One (1) warrant of series TO8 entitles the holder to subscribe for one (1) share of series B in the Company at a subscription price of SEK 0.14 (corresponding to 200% of the subscription price per share in the Directed Issue). Application for subscription of shares with the support of warrants of series TO8 will take place during the period from 18 November 2024 up to and including 29 November 2024.

“The completed share issue together with the issuance of warrants of series TO8 provides the company with additional financial stability, which strengthens our opportunities to further accelerate our product and business development of BlincVision. We look forward to communicating our progress in the business to the market in the coming months”, says Magnus Andersson, CEO of Terranet.

Extraordinary General Meeting

In accordance with the press release published by Terranet on 10 January 2024, the board of directors will convene an extraordinary general meeting. The general meeting will take place on 31 January 2024 to, among other things, decide on the approval of the board of directors’ decision on the directed unit issue to the shareholder Maida Vale Capital AB. The notice will be published during the day through a separate press release.

Number of shares, share capital and dilution

Through the Directed Issue, the share capital will, provided that the extraordinary general meeting resolves to approve the board of directors’ resolution on the Second Issue, increase by SEK 1,428,571.38, from SEK 7,551,458.69 to SEK 8,980,030.07 through a new issue of 142,857,138 shares of series B, which means that the total number of shares will increase from 755,145,869 to 898,003,007 shares and entails a dilution of approximately 15.91 per cent for shareholders who did not participate in the issue. Upon subsequent exercise of warrants of series TO8 issued in the Directed Issue, the Company’s share capital may increase by an additional SEK 714,285.69 and the number of shares of series B may increase by 71,428,569. Upon full exercise of the warrants of TO8, the Company will receive an additional SEK 10 million.

Through the directed issue of TO8, which will be transferred to the shareholders, the number of shares of series B in the Company may increase by an additional 68,649,624, which may result in an increase of the share capital by SEK 686,496.24. Upon full exercise of the warrants of TO8 that will be transferred to the shareholders, the Company will receive approximately SEK 9.6 million.

Advisors

Eversheds Sutherland Advokatbyrå AB has acted as legal advisor in connection with the Directed Issue. Mangold Fondkommission AB acts as issuing agent.

This information is information that Terranet AB is required to disclose pursuant to the EU Market Abuse Regulation (EU nr 596/2014). The information was submitted for publication, through the agency of the contact person set out above, on 12 January 2024 08.45.

For more information, please contact        
Magnus Andersson, CEO        
E-mail: magnus.andersson@terranet.se

About Terranet AB (publ)

Terranet is on a mission to save lives in urban traffic.

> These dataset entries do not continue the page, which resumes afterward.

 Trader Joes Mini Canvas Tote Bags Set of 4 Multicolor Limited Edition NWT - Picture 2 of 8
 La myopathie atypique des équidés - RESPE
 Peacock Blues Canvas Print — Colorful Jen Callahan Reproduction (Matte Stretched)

We develop breakthrough tech solutions for Advanced Driver Assistance Systems (ADAS) and Autonomous Vehicles (AV) that protect vulnerable road users.

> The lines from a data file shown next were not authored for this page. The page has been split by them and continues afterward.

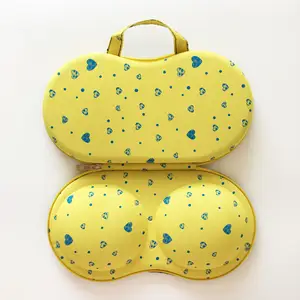 ODM OEM Portable Customized Shockproof Colorful Eva Bra Organizer Zipper Bag Travel Case For Vacation Holidays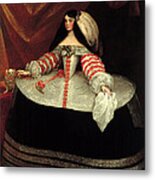 Ines De Zuniga Countess Of Monterrey Metal Print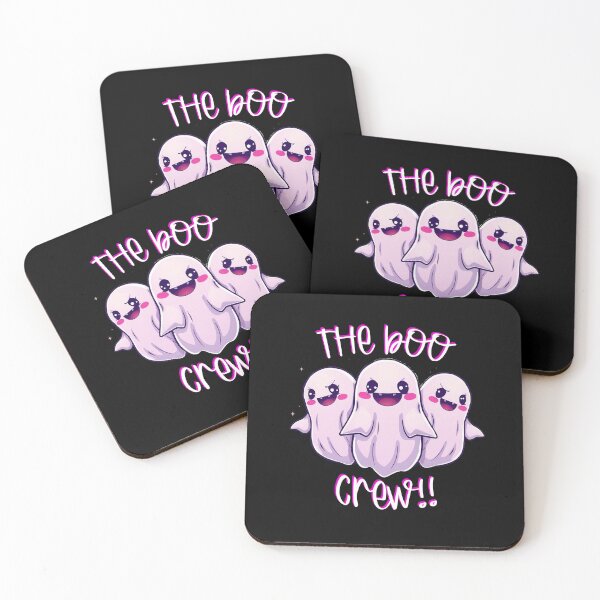 Item preview, The Boo Crew Neon Ghosts Halloween – Cute Kawaii Spooky designed and sold by Ndart17.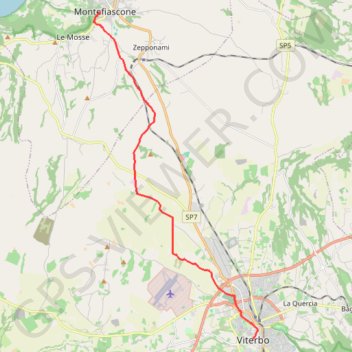 Trace GPS De Montefiascone à Viterbo, itinéraire, parcours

With a unique and patented vision technology, Terranet’s anti-collision system BlincVision scans and detects road objects multiple times faster and with higher accuracy than any other ADAS technology available today.

Terranet is based in Lund, Sweden, and, in the heart of the European automotive industry, Stuttgart, Germany. The company is listed on Nasdaq First North Premier Growth Market since 2017 (Nasdaq: TERRNT-B).